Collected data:

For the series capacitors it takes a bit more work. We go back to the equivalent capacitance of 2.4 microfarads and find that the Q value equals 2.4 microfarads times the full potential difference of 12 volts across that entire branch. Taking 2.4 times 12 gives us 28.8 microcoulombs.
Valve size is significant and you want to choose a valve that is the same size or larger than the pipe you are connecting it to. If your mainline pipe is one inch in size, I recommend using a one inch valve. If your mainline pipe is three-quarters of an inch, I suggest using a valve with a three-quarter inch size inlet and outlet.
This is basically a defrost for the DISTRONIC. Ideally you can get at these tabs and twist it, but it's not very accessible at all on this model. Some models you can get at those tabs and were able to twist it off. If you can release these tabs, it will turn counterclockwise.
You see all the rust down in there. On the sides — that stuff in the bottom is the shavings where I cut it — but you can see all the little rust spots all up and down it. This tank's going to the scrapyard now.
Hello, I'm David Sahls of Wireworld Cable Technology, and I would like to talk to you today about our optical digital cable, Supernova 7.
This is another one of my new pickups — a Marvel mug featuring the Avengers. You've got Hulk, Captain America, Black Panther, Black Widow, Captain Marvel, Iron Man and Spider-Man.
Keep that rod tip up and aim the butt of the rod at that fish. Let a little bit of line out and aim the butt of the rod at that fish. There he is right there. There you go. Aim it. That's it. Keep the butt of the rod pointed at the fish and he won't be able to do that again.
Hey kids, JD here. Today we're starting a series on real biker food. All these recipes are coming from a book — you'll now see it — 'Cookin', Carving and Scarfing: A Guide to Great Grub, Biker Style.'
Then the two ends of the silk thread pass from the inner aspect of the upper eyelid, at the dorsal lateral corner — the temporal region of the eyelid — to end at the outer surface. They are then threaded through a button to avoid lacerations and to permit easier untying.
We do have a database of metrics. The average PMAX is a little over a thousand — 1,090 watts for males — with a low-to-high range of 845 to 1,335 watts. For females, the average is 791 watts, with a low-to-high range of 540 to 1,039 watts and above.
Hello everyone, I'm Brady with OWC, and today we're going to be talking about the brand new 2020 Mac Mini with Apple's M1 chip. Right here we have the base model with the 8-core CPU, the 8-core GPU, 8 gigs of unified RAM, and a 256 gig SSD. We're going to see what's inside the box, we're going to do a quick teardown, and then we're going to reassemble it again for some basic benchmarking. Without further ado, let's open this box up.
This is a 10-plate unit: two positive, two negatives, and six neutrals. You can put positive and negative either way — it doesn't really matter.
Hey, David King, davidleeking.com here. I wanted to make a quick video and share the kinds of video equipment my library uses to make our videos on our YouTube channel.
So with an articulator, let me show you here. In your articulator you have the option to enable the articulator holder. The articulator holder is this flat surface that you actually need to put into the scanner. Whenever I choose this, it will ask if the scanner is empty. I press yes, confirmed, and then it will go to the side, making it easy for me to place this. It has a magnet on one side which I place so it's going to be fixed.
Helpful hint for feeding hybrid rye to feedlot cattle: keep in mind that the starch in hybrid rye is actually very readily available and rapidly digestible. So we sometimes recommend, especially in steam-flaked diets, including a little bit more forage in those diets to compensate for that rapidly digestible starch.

--- PROBLEM REQUIREMENTS ---
Repeat the whole of the data above exactly, keeping every word.

--- EXERCISE ANSWER ---
For the series capacitors it takes a bit more work. We go back to the equivalent capacitance of 2.4 microfarads and find that the Q value equals 2.4 microfarads times the full potential difference of 12 volts across that entire branch. Taking 2.4 times 12 gives us 28.8 microcoulombs.
Valve size is significant and you want to choose a valve that is the same size or larger than the pipe you are connecting it to. If your mainline pipe is one inch in size, I recommend using a one inch valve. If your mainline pipe is three-quarters of an inch, I suggest using a valve with a three-quarter inch size inlet and outlet.
This is basically a defrost for the DISTRONIC. Ideally you can get at these tabs and twist it, but it's not very accessible at all on this model. Some models you can get at those tabs and were able to twist it off. If you can release these tabs, it will turn counterclockwise.
You see all the rust down in there. On the sides — that stuff in the bottom is the shavings where I cut it — but you can see all the little rust spots all up and down it. This tank's going to the scrapyard now.
Hello, I'm David Sahls of Wireworld Cable Technology, and I would like to talk to you today about our optical digital cable, Supernova 7.
This is another one of my new pickups — a Marvel mug featuring the Avengers. You've got Hulk, Captain America, Black Panther, Black Widow, Captain Marvel, Iron Man and Spider-Man.
Keep that rod tip up and aim the butt of the rod at that fish. Let a little bit of line out and aim the butt of the rod at that fish. There he is right there. There you go. Aim it. That's it. Keep the butt of the rod pointed at the fish and he won't be able to do that again.
Hey kids, JD here. Today we're starting a series on real biker food. All these recipes are coming from a book — you'll now see it — 'Cookin', Carving and Scarfing: A Guide to Great Grub, Biker Style.'
Then the two ends of the silk thread pass from the inner aspect of the upper eyelid, at the dorsal lateral corner — the temporal region of the eyelid — to end at the outer surface. They are then threaded through a button to avoid lacerations and to permit easier untying.
We do have a database of metrics. The average PMAX is a little over a thousand — 1,090 watts for males — with a low-to-high range of 845 to 1,335 watts. For females, the average is 791 watts, with a low-to-high range of 540 to 1,039 watts and above.
Hello everyone, I'm Brady with OWC, and today we're going to be talking about the brand new 2020 Mac Mini with Apple's M1 chip. Right here we have the base model with the 8-core CPU, the 8-core GPU, 8 gigs of unified RAM, and a 256 gig SSD. We're going to see what's inside the box, we're going to do a quick teardown, and then we're going to reassemble it again for some basic benchmarking. Without further ado, let's open this box up.
This is a 10-plate unit: two positive, two negatives, and six neutrals. You can put positive and negative either way — it doesn't really matter.
Hey, David King, davidleeking.com here. I wanted to make a quick video and share the kinds of video equipment my library uses to make our videos on our YouTube channel.
So with an articulator, let me show you here. In your articulator you have the option to enable the articulator holder. The articulator holder is this flat surface that you actually need to put into the scanner. Whenever I choose this, it will ask if the scanner is empty. I press yes, confirmed, and then it will go to the side, making it easy for me to place this. It has a magnet on one side which I place so it's going to be fixed.
Helpful hint for feeding hybrid rye to feedlot cattle: keep in mind that the starch in hybrid rye is actually very readily available and rapidly digestible. So we sometimes recommend, especially in steam-flaked diets, including a little bit more forage in those diets to compensate for that rapidly digestible starch.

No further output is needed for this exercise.